Non-small cell lung carcinoma.

Four open label phase 2 studies were conducted in 224 patients with advanced NSCLC and no prior chemotherapy; 131 received paclitaxel and 93 received investigational agents in a randomised Phase 2 trial. In the earliest two trials (CA139-027 and CA139-029), paclitaxel was administered as a 24-hour infusion at initial doses of 200 mg/m² and 250 mg/m² respectively. The response rates in both trials were 19% and 17% respectively, with one-year survival of 33% and 40% respectively. The median survival was 8.1 months (95% CI 4.8-13.0 months) and 4.4 months (95% CI 3.0-16.2 months). In the later two trials (CA139-127 and CA139-201), paclitaxel was administered as a 3-hour infusion at initial doses of 200 mg/m² and 225 mg/m², respectively. The response rates were 20% and 19%, with one-year survival of 43% and 35%, respectively. The median survival was 11.7 months (95% CI 7.3-16.8 months) and 9.0 months (95% CI 5.9-11.4 months), respectively. The response rates were similar to those for other single agent therapies.
Two prospective multicentre trials were conducted in patients with advanced NSCLC and no prior chemotherapy. Five hundred and sixty-five patients were randomised to receive paclitaxel followed by cisplatin in these studies. The majority of patients had stage IV NSCLC and approximately two thirds had an impaired performance status (ECOG PS 1 or 2). In a study conducted by the European Organization for Research and Treatment of Cancer (EORTC), patients were randomised to either paclitaxel (T) 175 mg/m² as a 3-hour infusion followed by cisplatin (c) 80 mg/m² or cisplatin (c) 80 mg/m² on day 1 followed by teniposide (VM) 100 mg/m² on day 1, 3 and 5 (control). In a study conducted by the Eastern Cooperative Oncology Group (ECOG), patients were randomised to either paclitaxel (T) 135 mg/m² as a 24-hour infusion followed by cisplatin (c) 75 mg/m², paclitaxel (T) 250 mg/m² as a 24-hour infusion followed by cisplatin (c) 75 mg/m² with G-CSF support, or cisplatin (c) 75 mg/m² on day 1, followed by etoposide (VP) 100 mg/m² on days 1, 2 and 3 (control).

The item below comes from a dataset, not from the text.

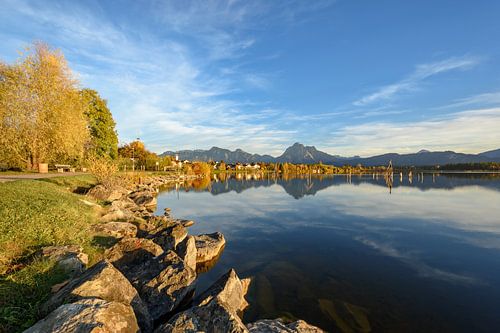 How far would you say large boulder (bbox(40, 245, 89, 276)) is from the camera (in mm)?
8164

Response rates, median time to progression, median survival and one-year survival rates for the two studies and respective treatment arms are given in Table 2. The paclitaxel combinations showed improvement in response rates (> 20%) and median time to progression (> 4 months), but no significant increase in survival.

Breast carcinoma.

A randomised Phase 3 intergroup multicenter, 3 x 2 factorial study of the adjuvant use of paclitaxel was conducted in 3170 women with histologically positive lymph nodes following either a mastectomy or segmental mastectomy and nodal dissections. The 3 x 2 factorial study was designed to assess the efficacy and safety of three different dose levels of doxorubicin and to evaluate the effect of the addition of paclitaxel administered following the completion of doxorubicin and cyclophosphamide (AC) therapy. Patients were randomised, after stratification for the number of positive lymph nodes, to receive cyclophosphamide at a dose of 600 mg/m² and doxorubicin at doses of either 60 mg/m² (on day 1), 75 mg/m² (in two divided doses on days 1 and 2), or 90 mg/m² (in two divided doses on days 1 and 2 with prophylactic G-CSF support and ciprofloxacin) every 3 weeks for four courses and either paclitaxel 175 mg/m² as a 3-hour infusion every 3 weeks for four additional courses or no additional chemotherapy. Patients whose tumours were positive or of unknown hormone receptor status were to receive subsequent tamoxifen treatment (20 mg daily for 5 years); patients who received segmental mastectomies prior to study were to receive breast irradiation after recovery from treatment-related toxicities.
The primary analyses of disease-free survival and overall survival used multivariate Cox models which included paclitaxel administration, doxorubicin dose, number of positive lymph nodes, tumour size, menopausal status, and oestrogen receptor status as factors. Based on the model for disease free survival, patients receiving AC followed by paclitaxel had a 22% reduction in the risk of disease recurrence compared to patients randomised to AC alone (Hazard Ratio=0.78 with 95% CI: 0.67-0.91, p=0.0022). They also had a 26% reduction in the risk of death (Hazard Ratio=0.74 with 95% CI: 0.60-0.92, p=0.0065). The absolute increases in disease-free survival and overall survival were 4% and 2% respectively. Doxorubicin dose had no effect on either disease-free survival or overall survival. The overall median follow-up was 30.1 months.
Subset analysis revealed that adjunctive treatment with paclitaxel is most beneficial in patients with hormone receptor-negative disease (see Table 3).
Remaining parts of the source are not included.